(Materials provided begins)

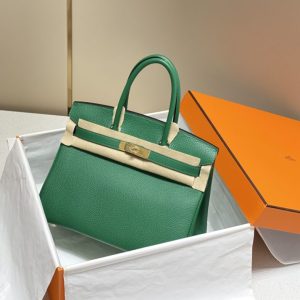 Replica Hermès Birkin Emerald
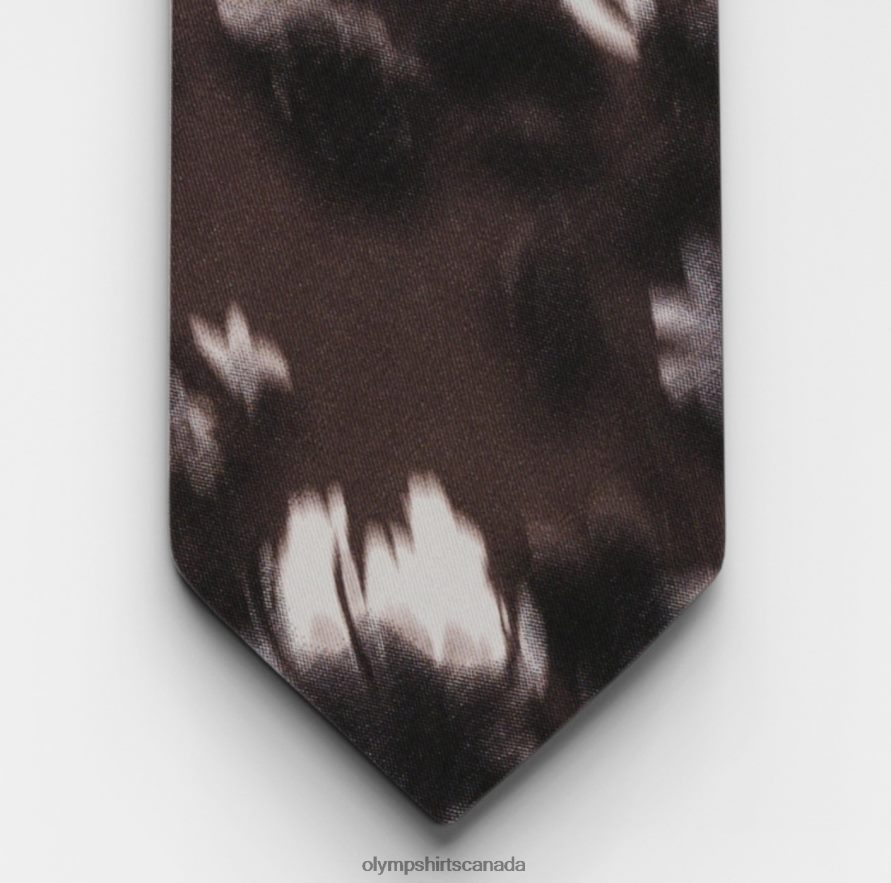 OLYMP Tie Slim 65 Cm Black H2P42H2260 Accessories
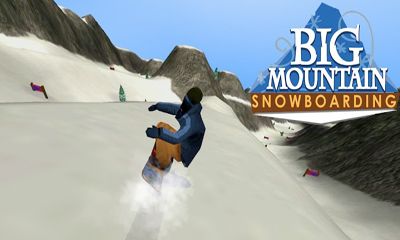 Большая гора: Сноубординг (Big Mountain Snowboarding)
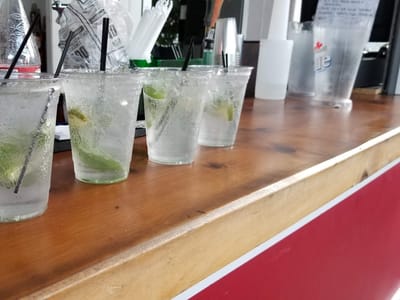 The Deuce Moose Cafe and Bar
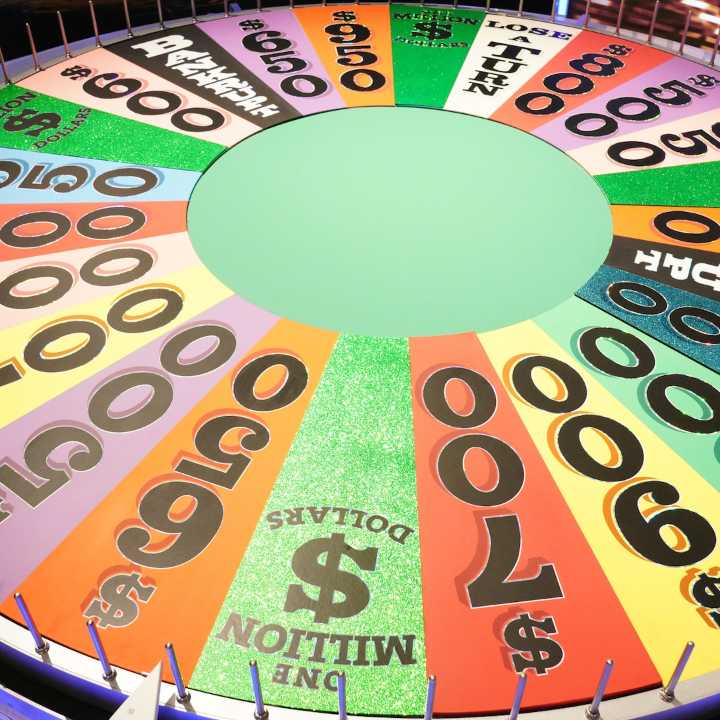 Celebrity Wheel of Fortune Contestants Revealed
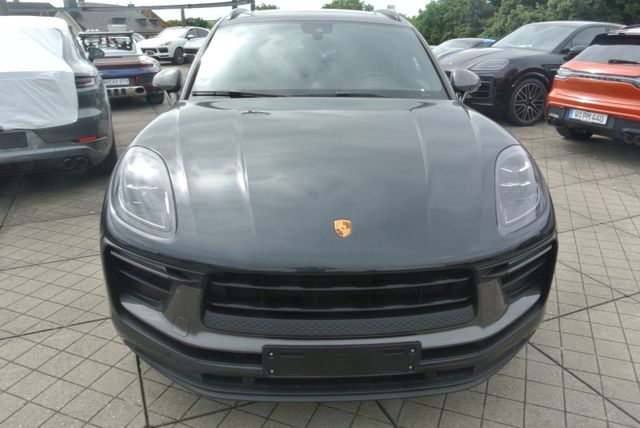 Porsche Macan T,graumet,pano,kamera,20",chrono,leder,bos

(Materials provided ends)

**Assignment:** If a record above holds a picture, leave the picture out and write out everything else exactly.

**Exercise result:**
 Replica Hermès Birkin Emerald
 OLYMP Tie Slim 65 Cm Black H2P42H2260 Accessories
 Большая гора: Сноубординг (Big Mountain Snowboarding)
 The Deuce Moose Cafe and Bar
 Celebrity Wheel of Fortune Contestants Revealed
 Porsche Macan T,graumet,pano,kamera,20",chrono,leder,bos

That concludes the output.